In a Psych Central article entitled “Are Our Hearts Hardwired To Heal Our Heads?”, the concept of Broken heart syndrome, also referred to as “takotsubo cardiomyopathy” was discussed. This stress- related medical condition is often brought on by loss, Tako tsubo, are octopus traps that resemble the pot-like shape of the wounded heart. Once shattered, a life may not be able to be put back together as it once was. Creating a new normal is the optimal and necessary direction to take. When clients have expressed feeling heartbroken, the therapeutic process takes into consideration the ways in which they can reassemble the fragments into a beautiful mosaic.

Interviewing others elicited their wisdom on the topic:

“To me being broken seems and feels hopeless. Not able or willing to be repaired or healed. Closed. Shut down. Broken open is ready for the initiation. Seen, vulnerable. Brought down to your knees and ready willing and able to climb that mountain. To ride the waves to begin to heal. Seat belts on.”

“Being broken is when life hits you with a baseball bat. Examples are when you get fired from your job, you have to move due to lack of money. Or to find out your husband cheated on you, or another is the loss of a dear loved one. Broken open is a spiritual awareness that takes over and one heals and grows from all the negative experiences. Broken open is when the angels step in and show you the way to the light. I know as many do, just call on your soul and slowly life has a whole new meaning.”

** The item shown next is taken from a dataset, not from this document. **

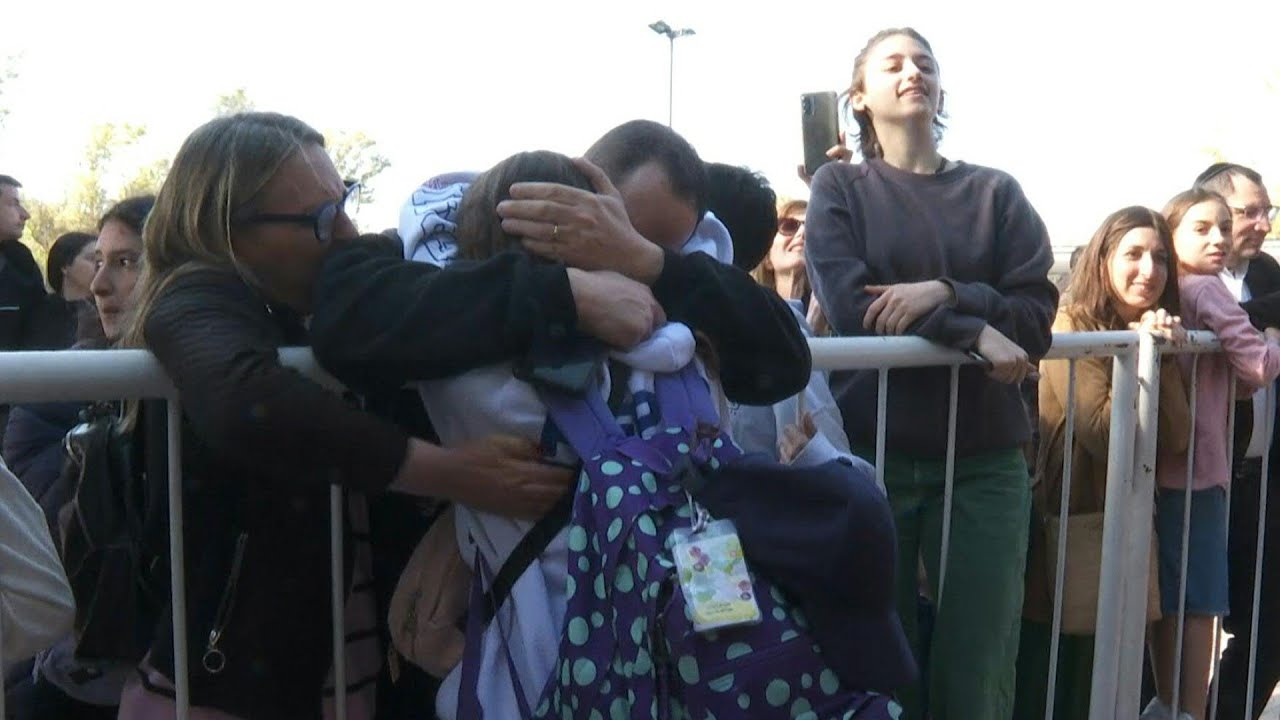 Abrazos y alivio en el regreso a Argentina de repatriados de Israel | AFP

“Broken open: you were closed. Which is not usually a good thing. Emotionally not in touch with yourself or with others. Being broken open is a good thing. Broken, is something that requires fixing. If your heart is broken, it no longer works. It can’t do its job, which is to love. Or, in some cases, to live.”

“Broken — curveballs or depression, playing the victim. People can live a lifetime in this state. Broken open — you can’t breathe, deep and profound loss/human experience (soul lessons) for your soul’s greatest growth! Dark night of the soul…Phoenix rising…moves you to work from a space of love and accelerates spiritual advancement/enlightenment!”

“I broke when my husband passed away, but was determined I would be broken open to new possibilities in life. Not another person in my life, just open to another kind of life.”

“Depending on how you manage it, the same experience could be a breakdown or a breakthrough! I always appreciated breaking open as breakthroughs — breakthroughs to better well-being.”